At last down the basement, with a beer and the
kids, we watched the Cedar Rapids newscasters going absolutely ballistic
over the "severe weather" in nearby Iowa City. Only difference was, this
time it was for real. Reports were soon coming in of damage on Riverside
Drive -- the road our hotel is on -- and of injuries inside the Menards
nearby.
(This the Menards I've visited nearly every day
since we opened.)
When they announced that all off-duty police and
firemen were to report for duty, and that the Army National Guard were being
called out, I knew we were seeing the real deal. I called my night manager,
and got no answer. I then tried his cell phone, but he was busy holding the
door to the airport building, which was at that moment trying to be sucked
off its hinges. I told him to call me back after he got to
safety.
A few minutes later, he called. The storm was
past, and he was out assessing damage, but the power was out, and everything
was inky black. Best he could tell, the only damage was to the fence
around our pool, which was down, a roof vent was gone, and a bunch of
shingles were off. I told him I'd be right down.
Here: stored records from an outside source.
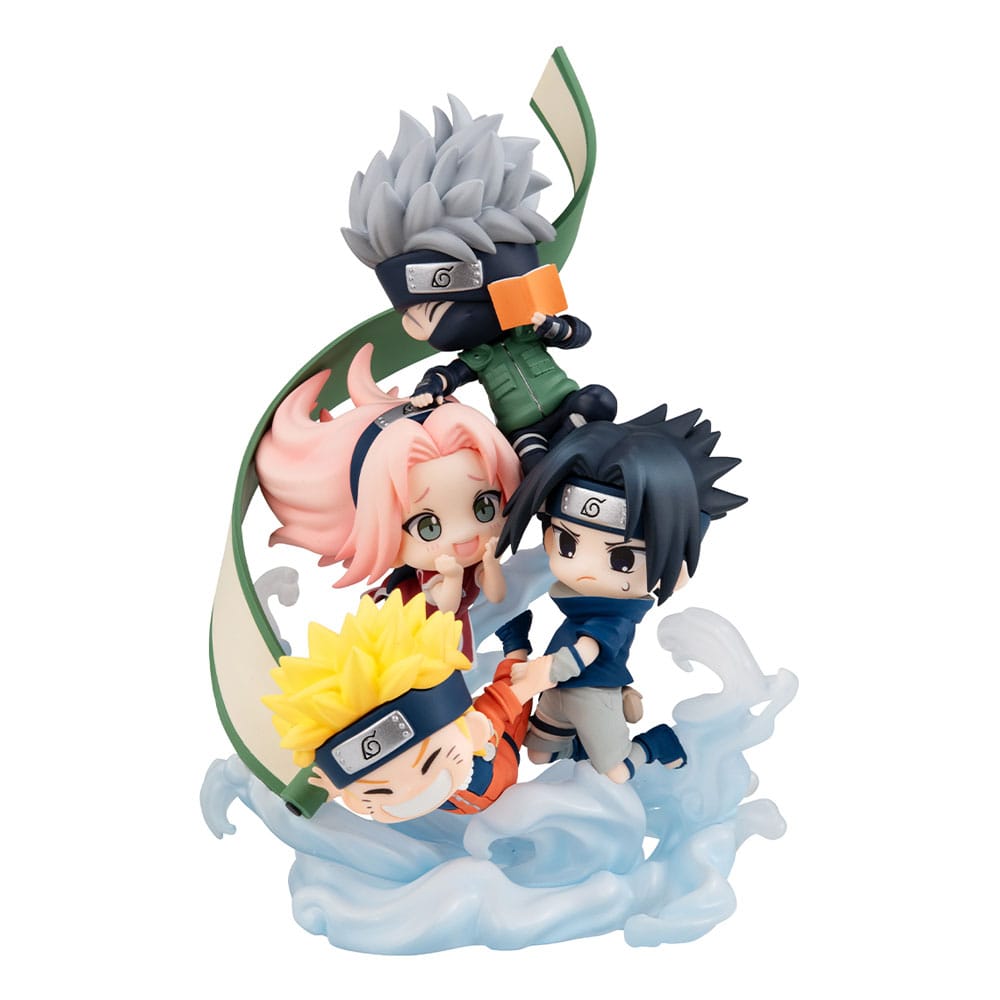 Auf Bestellung gefertigte Naruto Shippuden FigUnity PVC Mini-Statue „Versammelt euch hier, Team 7“, 13 cm (mit Geschenk)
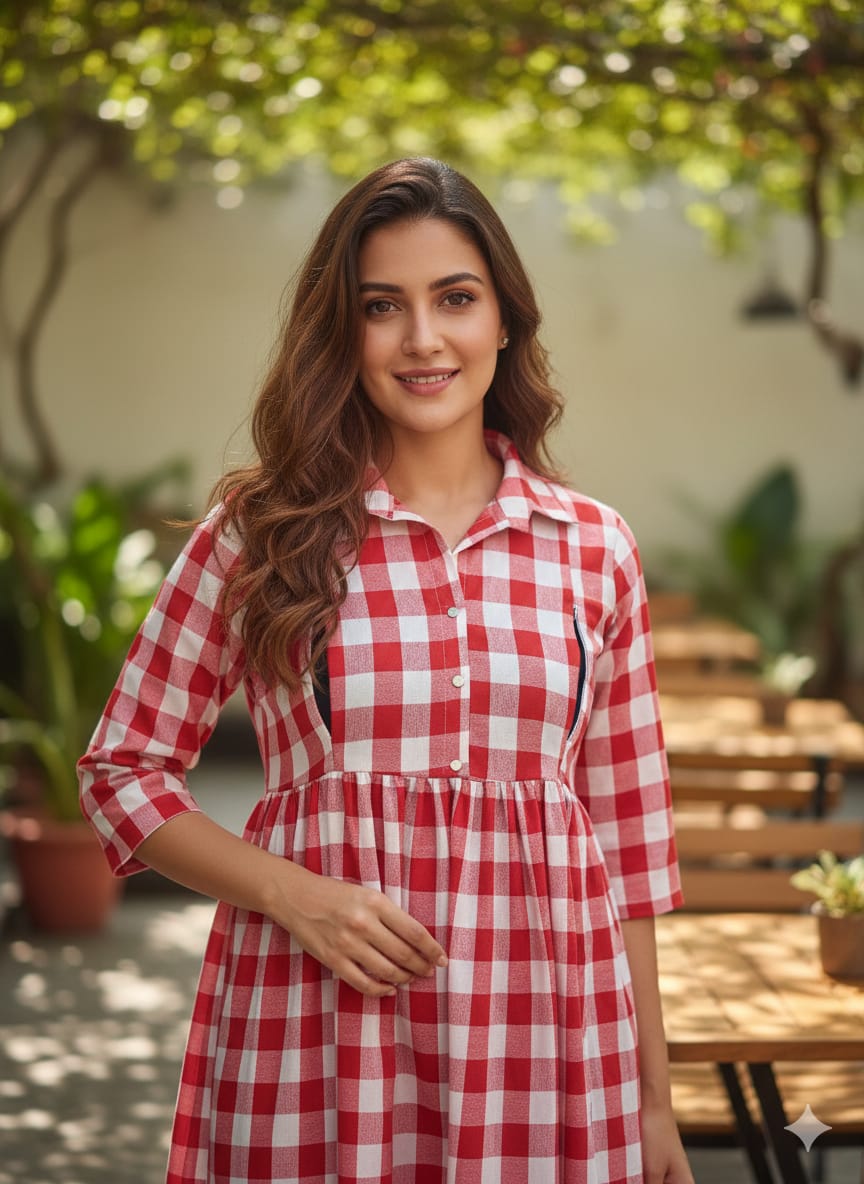 Anarkali Box Gown — Cotton Checkered Maxi Dress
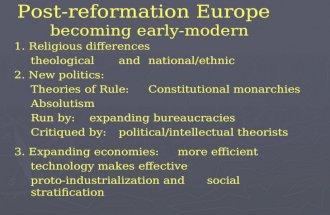 Post-reformation Europe becoming early-modern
That was two hours ago. I took the highway south
of town, and was able to get to the hotel fairly quickly, despite the
stoplights being out. The hotel grounds are a shambles, with branches,
shingles, leaves, and debris of all kinds literally everywhere, but it
appears that we got off easy. Although we received wind damage to the roof,
and the fence is toast, all of our trees survived, and no windows were blown
out.
This is almost unbelievable, as just a few blocks
away are scenes of utter devastation. Menards is a shambles, and much of
their building materials are scattered around town. Our airport commission
president's Dodge dealership is gone. His cars are smashed flat, and his
showroom is splinters, with the roof laying across part of Riverside Drive.
We were at the meeting, huddled in the boiler room
together, and now his business is gone.
Down the road from us, our favorite Dairy Queen
is simply gone. One of the signs is still there, but the store itself is
just no longer there. And, being an 85 degree evening, there had to have
been a bunch of employees in there when the storm hit.
It's possible to draw a line from Menard's to the
Dodge dealership, right through the Dairy Queen, and into downtown proper.
It missed our hotel by a few hundred yards, at most.
Downtown is a weird scene of utter pandemonium,
combined with the ambience of an all-night kegger. All the college kids --
35,000 of them -- are out partying, surveying the changed streetscape. The
roof of a gas station was lifted up, moved about six feet toward the street,
and then dropped back down, destroying everything inside. Cars are upside
down, and one was evidently sucked off the top of a six-story parking ramp,
and dropped into the street.
It took my son and I an hour to drive the mile
from the hotel to the eastern edge of downtown. Dozens of alarms are
wailing, set off when hundreds (thousands?) of windows blew out. Rubble and
debris are everywhere, with stop lights twisted around light poles, and
dumpsters tossed into the road like tumbleweeds. Fire trucks, ambulances,
police cars, front end loaders, and National Guard vehicles struggled to get
through the devastation and traffic -- and all the while boom boxes were
playing and the college kids were out taking pictures and video. Some idiots
launched a few bottle rockets, and got the police riled up. Destroyed gas
stations are cordoned off, in case of leaks, and they sure didn't need any
fireworks setting off a conflagration.
Eventually we made it out of the area, and were
able to get home. Our garbage -- with six bags of leaves -- is sitting out
front, absolutely unmoved. Not a blade of grass is out of place.
Nature is amazing, and we were so very lucky. Our
hangar and plane are unscathed, the hotel was just nicked a glancing blow,
and our home is fine. There's no word on casualties yet, but from the looks
of things, there almost had to be some.